The young Gorman sought refuge in a tunnel of hedges and pines at the bottom of the garden. “When there were arguments, it was just a wee place to go and hide, to get out of the house and away from the noise. I’d hold a football, just to have something to hold. I felt safe, in a strange way.” It was the first sanctuary in a life scarred by abuse and trauma.
Gorman started boarding at St Colman’s in September 1970 at the insistence of his father, who considered it a badge of middle-class status. It was only 20 miles from Newcastle, but, to Gorman, it was a distant, alien world.
The only authority figure to show any warmth at the outset was Finegan. He was empathic, even playful. “Come here till I see those eyes,” he told the new pupil.
After that first assault, the abuse became routine – groping, masturbation, rape. Gorman would instinctively stare at the floor, and the dull blackness of Finegan’s shoes.
Once, the priest appeared to be in a rush and was exceptionally rough, Gorman recalls. “The skin on my penis actually broke, it was really sore and stingy.” Another time, he was cornered in a gym storeroom. “He pushed my pants down and grabbed me from behind.” After being raped, Gorman felt moisture and thought he was bleeding. The priest used a folded Irish tricolour to wipe them both. “I’ve often thought of him using that to clean himself.”
More than the physical pain, Gorman feared discovery. “You think you’re the only one that this is happening to and you don’t want anybody getting any inkling.”
Afterwards, in the corridors, Finegan would greet his victim with a cheery smile as if nothing had happened. Gorman felt most vulnerable on Saturdays and over Christmas, when the day boys were absent. Dread about the next assault, and fear of exposure, squeezed his chest like a vice.
He found refuge in a dark, musty storeroom concealed behind a classroom blackboard. He would sit for hours, sometimes closing his eyes, listening to muffled sounds from around the school. “I was there in the quiet, wishing I was home with my siblings and mum.”

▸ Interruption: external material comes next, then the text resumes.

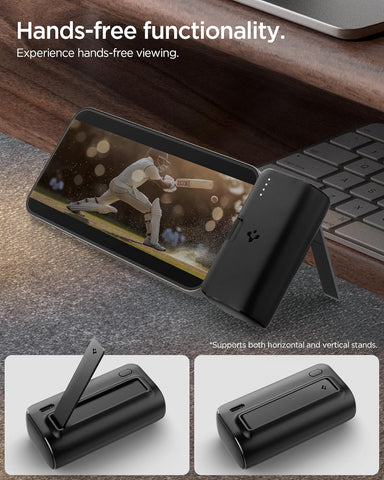 ArcPack 5000mAh 22.5W Fast Charging Power Bank with Built-in Foldable USB-C Connector and Stand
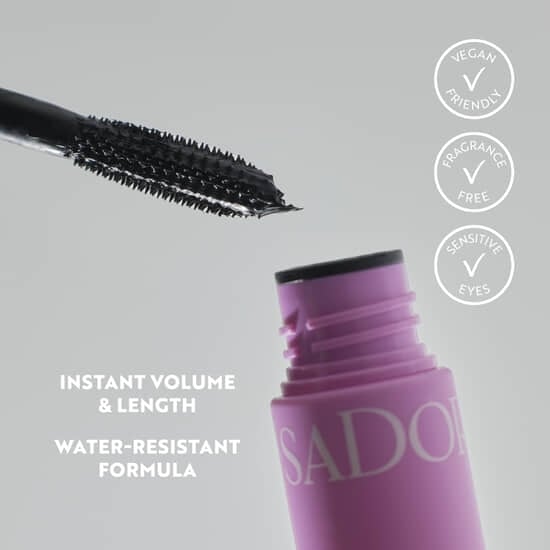 IsaDora The 10 Sec High Impact Length & Lift Mascara 02 Intense Black 9 ml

Visits to this private realm calmed Gorman so that, upon emerging, he could continue silently enduring dozens of assaults over the course of six months. Feigning normality was the only survival strategy he could think of.
At home for summer holidays in 1971, he refused to return to St Colman’s. This meant defying his father, an unheard of event in the Gorman family. Patrick Gorman’s fury was volcanic, but Gorman held his ground: he was not going back. His mother negotiated a compromise – he would go to a convent school that took male pupils and had sufficient status for his class-conscious father.
The relief was immense. No more Finegan. And Gorman’s secret was safe – nobody knew. But dark memories and emotions churned and throbbed. Anything could set them off: cigarette smoke, a black shoe, a hint of varnish, a compliment about his eyes, and suddenly the big red face would loom in and wrap around him.
Gorman began to rebel. Instead of his uniform, he sported garish glam rock gear. He played truant, took his dad’s car for illicit drives, broke windows, sprayed graffiti and phoned in bomb scares in the guise of anti-British activism. Recklessness, he would later reflect, became a sanctuary, as if pushing things to the limit could erase what had happened.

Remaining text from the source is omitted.